In mezzo al boschetto, che aveva protetto il capriolo Manolo da sguardi indiscreti, c’è la “casa” di Giovanni: seguendo lo stretto sentiero si arriva davanti a quella che è l’entrata. In quel piccolo spiazzo c’è quella che possiamo definire la sua “zona giorno”: ci sono avanzi di cibo in terra che servono per sfamare i due gatti che vivono con lui, appoggiatu su un sedia ci sono una pietra e una caffettiera. I mobili sono formati tutti da sedie: su una ci sono posate e bicchieri, su un’altra una tavoletta che funge da tavolo e di fronte una sedia per sedersi e consumare i pasti, soprattutto la colazione.
Nello spazio appena dietro, ecco la “zona notte”: c’è una tenda con all’interno un letto con un logoro piumone, accanto un comodino. Fuori, su un filo sono stesi i suoi panni: due paia di jeans, un paio di pantaloni marroni, una maglietta e una cravatta a fiori rossa. A terra uno specchio rotondo, appoggiato sulla rete che delimita la zona.
“A lavarmi – racconta – vado nei bagni dell’ospedale o alla Caritas. Certo, ora con il freddo andrò alla Caritas a dormire. Effettivamente nei giorni passati con quella nebbia, ho sentito tanto freddo”. Spera che presto il Comune gli assegni una casa popolare. “Ma in città – dice – fuori non riuscirei a vivere. Da un paio di mesi ricevo anche una piccola pensione di 400euro e così posso barcamenarmi meglio”.
Alla domanda se ha una famiglia che lo possa aiutare, Giovanni abbassa gli occhi imbarazzato. “Sono divorziato. Ho quattro figli: due abitano nel Nord Italia e due in Abruzzo. Li sento, ma non spesso”. Poi nasconde le lacrime e continua: “Non sanno che non ho una casa, non sanno come vivo. Mi vergogno troppo”.

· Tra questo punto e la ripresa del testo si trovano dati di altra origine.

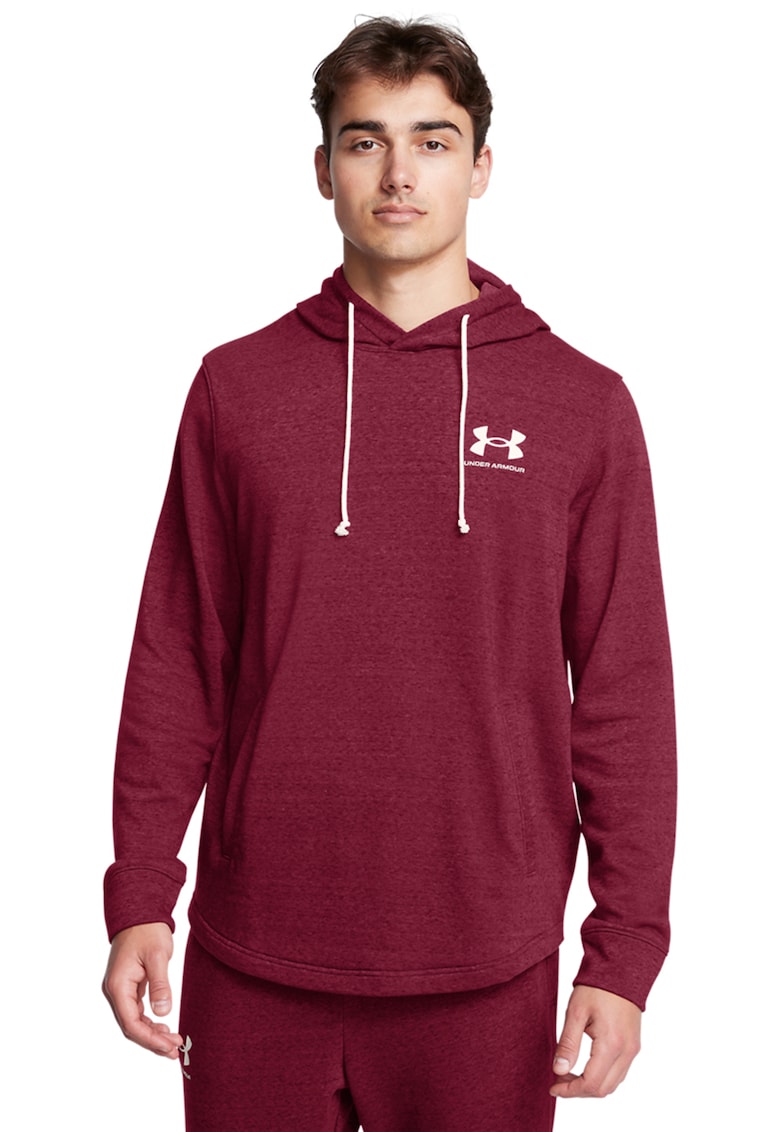 Hanorac din terry pentru fitness Rival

Alcuni residenti della zona si sono preoccupati per l’arrivo della stagione fredda: hanno visto, di notte, Giovanni parcheggiare la sua bicicletta verde ai margini del boschetto, proprio a fianco al centro commerciale “Agorà” ed addentrarsi all’interno. E al mattino, intorno alle 10 lasciare quel luogo, riprendersi la bici e incamminarsi verso il centro.